One of the best examples of Earshot’s on-target programming was the inclusion of the Bobo Stenson Trio, on a United States tour in November to support its superb new ECM album, Goodbye. Stenson is a free verse lyric poet of the piano, and his hook-up with bassist Anders Jormin is so interdependently creative that, to find comparisons, one must go to the highest levels of piano/bass relationships, such as Bill Evans/Scott LaFaro and Keith Jarrett/Gary Peacock.
At the Triple Door, this trio drew upon sources not often heard in jazz. “Polska of Despair,” from 19th-century Swedish folk troubadour Lorens Brolin, was a hovering drama, poignant and austere. “Music For A While,” from 17th-century composer Henry Purcell, was reconfigured in crystalline abstractions. “Serenity,” from 20th-century iconoclast Charles Ives, was too dark to be entirely serene. Stenson transforms such material into music that is, in its open invention and its pulse, unmistakably jazz. But it is jazz made of unfamiliar, finely detailed patterns and swirling asymmetrical shapes. Always, in the spaces and rests, are the yearning interventions of Anders Jormin.

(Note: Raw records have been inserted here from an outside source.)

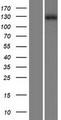 ZMYM1 Protein - Western validation with an anti-DDK antibody * L: Control HEK293 lysate R: Over-expression lysate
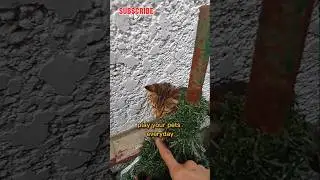 I read the thing today#cat #cutecat#viralcat#trendingcat#yutubeshorts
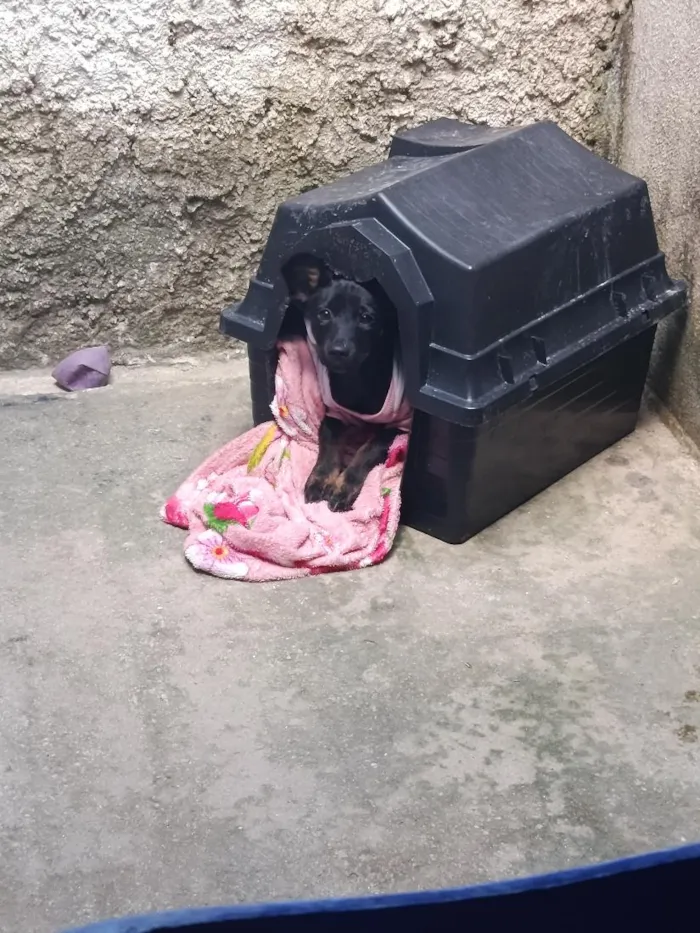 Cachorro raça SRD-ViraLata idade 7 a 11 meses nome amora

Stenson does standards infrequently. “Re: Person I Knew” was exhilarating in its freshness once it made itself known. The encore was the title track to Stenson’s latest CD, Gordon Jenkins’ “Goodbye,” which sent everyone home pensive but fulfilled.
It may seem strange, in a festival that presented so many significant living artists, to close with an event that featured one who died in 1970. But the United States premier of My Name Is Albert Ayler, a documentary film by young Swedish director Kasper Collin, was the single most important revelation of the festival.
To make Albert Ayler live again is a daunting task for a filmmaker, because little archival footage exists of Ayler’s life and career. But through an inspired assemblage of photos, rare films, music, audio interviews with Ayler and extensive recent filmed interviews with family members, friends and fellow artists, Ayler is indeed made flesh. The interviews with Ayler’s 89-year-old father, his brother/sideman Donald Ayler (who now struggles with mental illness) and drummer Sunny Murray rivet the viewer’s imagination and haunt it when the film is over. Director Collin achieves the almost impossible: He creates a portrait of artistic sainthood that is persuasive and unsentimental.
My Name Is Albert Ayler is one of the most starkly beautiful and moving documentaries ever made about a jazz musician. Collin has not yet secured a U.S. distributor for his film. More information can be obtained at mynameisalbertayler.com.